# What got you started sewing/quilting?



## ginnie5 (Jul 15, 2003)

I was reading Macybaby's thread and she said she had re-discovered her love of sewing and it made me curious. How did you discover your love of sewing? 
For me some of my earliest memories are of sitting beside my Grannie while she sewed. She wasn't a great seamtress but she loved to sew. She worked in a cottin mill all day long and came home and sewed for herself at night. I also remember sitting at my great-grandmother's treadle and treadling away (no belt and the machine was down) but I did some big dreaming of what I was making lol! Then I made my own Barbie clothes from Grannie's scraps. My Barbie's had some stylish clothes I tell ya! I took 4H a few years and made several skirts and tops for that. Then my parents split, the teen years hit, and life went downhill for a long time. When my oldest was born I felt the itch to make her clothes. I got my Grannie's old machine she no longer used and started on that. I even tried making bibs to sell. Then I got caught up in wanting the newest, best machine........:ashamed: and with that machine I made diapers........yep an $$$ machine to make diapers. When I no longer needed diapers my machine got put away for several years. Then one day I found those Sunbonnet Sue blocks Grannie had made years ago.........and they made me want to sew. So off to the fabric store I went.
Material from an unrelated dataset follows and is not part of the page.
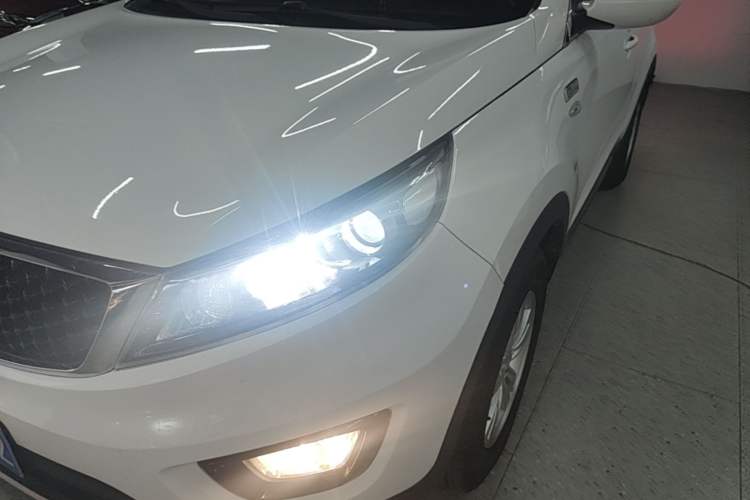 Used Kia Sportage R 2016 2.0L Automatic Two-Wheel Drive GL Left Front Headlight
That was 4 years ago and now that $$$ machine site idle.....replaced by a love for vintage machines and treadles. When my oldest gets married it will go to her new home with her. Right now all she does is fix seams or hem pants but who knows? Maybe she will one day get the urge to sew?
Oh and my Grannie's old machine? Is now a handcrank and goes with me yearly to TOGA.


----------



## Taylor R. (Apr 3, 2013)

Nobody in my family sewed, but my little brother (of all people?) was fascinated by it. He prompted me to take a life skills class in HS that included a sewing unit. There I made the worst pair of pajama pants ever, got a C in the unit, and decided maybe sewing wasn't my thing. Until I had kids. I love sewing for my children, and I've mercifully gotten a little better since HS.


----------



## Kris in MI (May 30, 2002)

Taylor, I learned to sew in school too! 7th grade home ec: it was one semester split into three areas--6 weeks sewing, 6 weeks cooking, 6 weeks of interior design. (And boy, have I used those skills over and over and over in my adult life!)
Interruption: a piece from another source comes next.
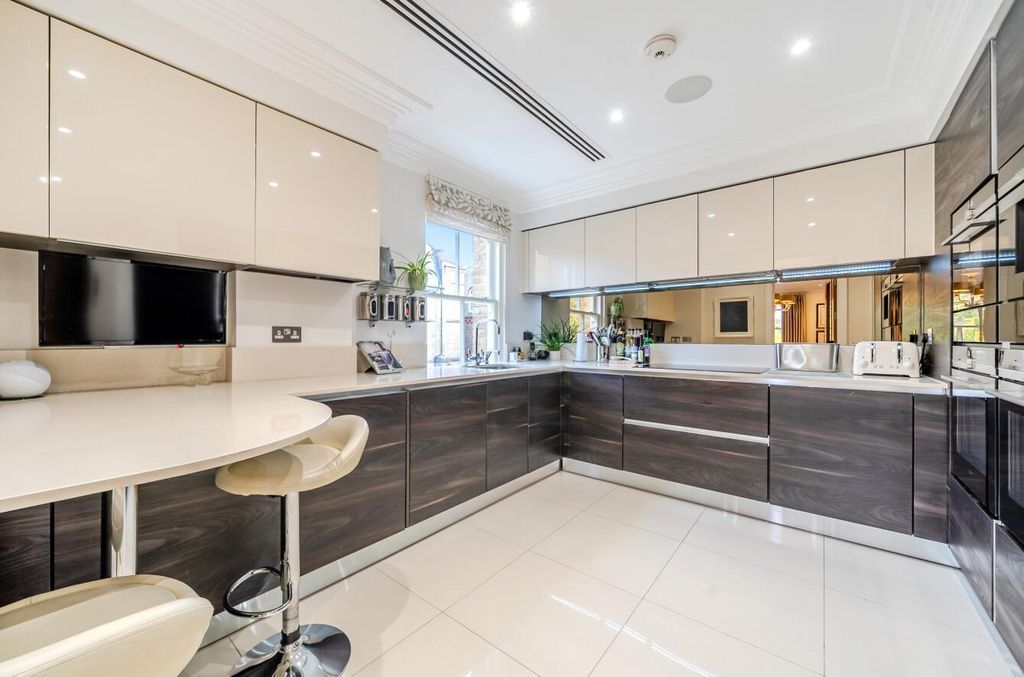 Property photo 2 of 31 1371792-3-68Fbc01198Dae.Jpg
It was many, many years after that, though, before I really started sewing. When my youngest child was about 2 years old, I bought a sewing machine at Goodwill and started making dresses for my daughters. That led to pjs for all four kids, and costumes for the grade school plays. It's gone in spurts the last 13 years; sometimes I sew alot, sometimes I hardly sew at all. Once the kids got big enough they didn't want Mom sewing their clothes, I switched to making quilt blocks and learning to quilt on my sewing machine. I'd say until the last couple of months, I've done more quilting than sewing of clothes or other items in the last 5 or 6 years.


----------



## Taylor R. (Apr 3, 2013)

My girls love their dresses and tops that I make them, plus I always make hair bows to go with them (after my first experience with pants, I've pretty much avoided them like the plague, but I guess someday I might give them another try). I do a lot of applique for my son since his sensory issues don't allow him broad wardrobe choices. I'd like to start actually quilting (I've done rag quilting stuff), and hopefully someday I'll have time to learn that, too.


----------



## Katskitten (Aug 5, 2010)

In our family sewing was a given. Our mother made a lot of our clothes and costumes for us. That was only part of what got me going though.
I remember getting insulted in front of friends in grade school because of "hand me downs" that I was wearing. Someone recognized the out fit as one that belonged to another person the year before and was laughing at me because of it.
I went home and told my mother "I would never wear another hand me down ever again. I would make my own clothes before that happened." Her comment was something like "Ok let's go." At that point she dropped what she was doing and we went shopping for fabric and patterns.
I always seemed to be just a bit ahead of those in my class as far as the sewing classes in school too.
Some where in the early 80's I took up arts and crafts and setting up at street fairs with things that I had made. Since then have made $$$ that way at times. Have also come to a bit of a burn out on it too.
What got me into quilting finally was the challenge here a couple years ago to finish one project and I chose to make that jeans quilt. Put close to a hundred hours in on it too. 
Now between Joe and I, we have made 3 full size quilts, 1 lap quilt and are about 1/2 way through with another jeans quilt that he calls his "all machines quilt".

Elaine


----------



## Macybaby (Jun 16, 2006)

I'm another one that all of us learned the basics (boys too) from Mom. Though only a few of us took it much farther. I was looking at some old pictures, and by the time I was 10 I was making some of my own clothing.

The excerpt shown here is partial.